(RECORD SET)
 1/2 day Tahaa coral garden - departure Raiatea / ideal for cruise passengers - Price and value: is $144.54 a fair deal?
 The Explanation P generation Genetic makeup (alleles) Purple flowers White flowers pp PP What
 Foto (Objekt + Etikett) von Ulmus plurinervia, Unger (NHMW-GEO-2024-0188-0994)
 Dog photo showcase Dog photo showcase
(End RECORD SET)
(RECORD SET)
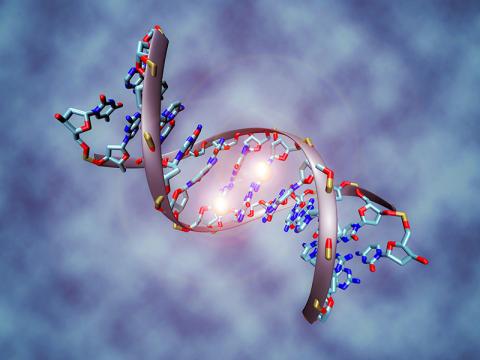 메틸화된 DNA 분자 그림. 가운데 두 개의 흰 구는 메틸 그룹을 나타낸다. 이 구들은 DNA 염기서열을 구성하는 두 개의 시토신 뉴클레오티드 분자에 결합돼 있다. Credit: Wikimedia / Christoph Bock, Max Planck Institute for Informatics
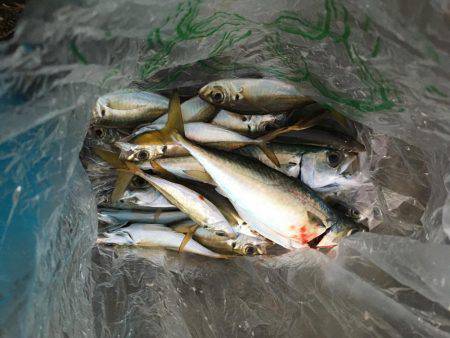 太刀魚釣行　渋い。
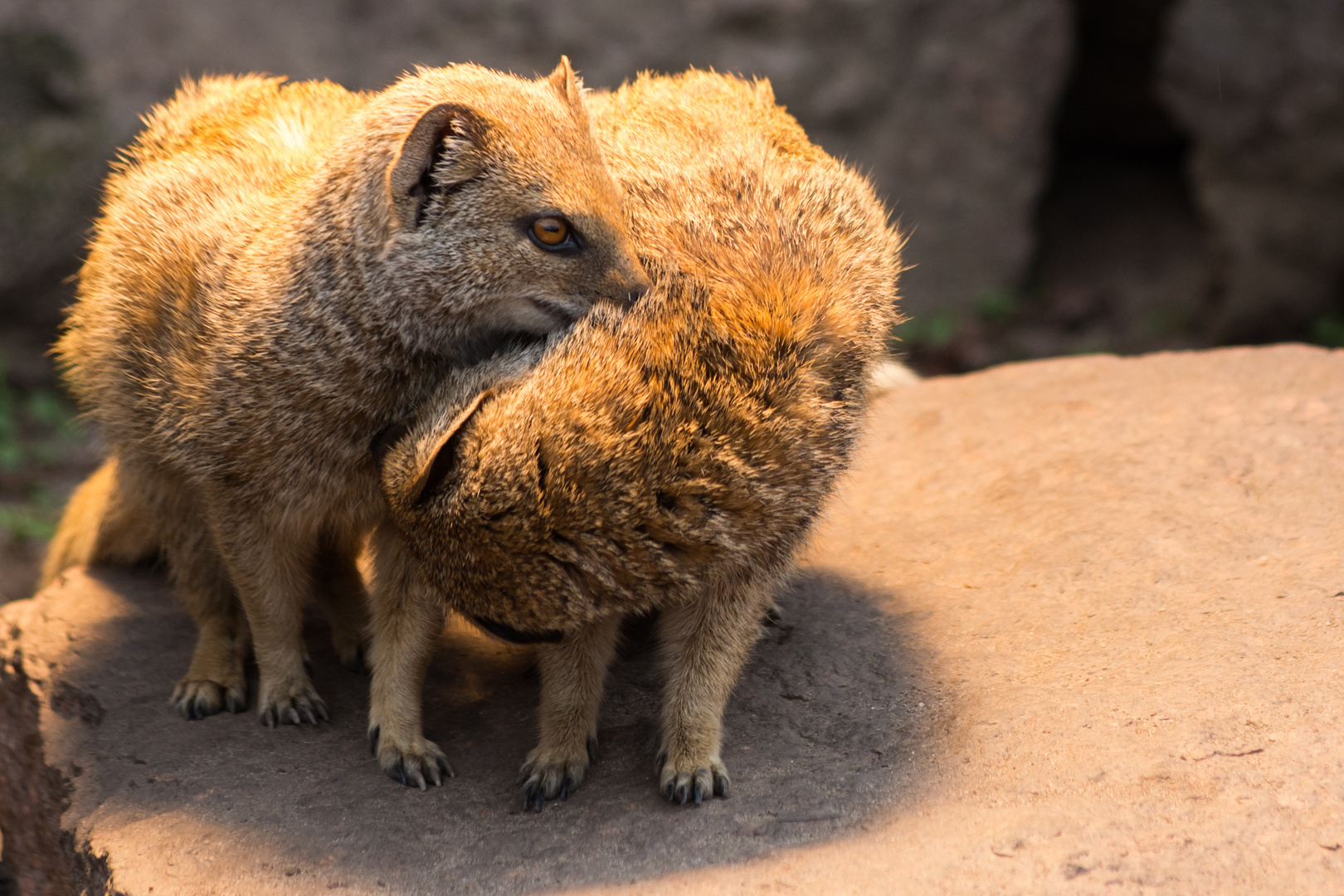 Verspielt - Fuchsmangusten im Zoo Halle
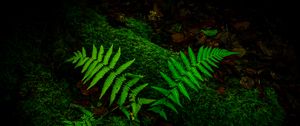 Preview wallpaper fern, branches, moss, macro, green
(End RECORD SET)
(WORK TO BE COMPLETED) Please output exactly the lines between the one holding "1/2 day Tahaa" and the one holding "Dog photo showcase Dog photo showcase" in the records above, inclusive, and nothing more.

(THE ANSWER)
 1/2 day Tahaa coral garden - departure Raiatea / ideal for cruise passengers - Price and value: is $144.54 a fair deal?
 The Explanation P generation Genetic makeup (alleles) Purple flowers White flowers pp PP What
 Foto (Objekt + Etikett) von Ulmus plurinervia, Unger (NHMW-GEO-2024-0188-0994)
 Dog photo showcase Dog photo showcase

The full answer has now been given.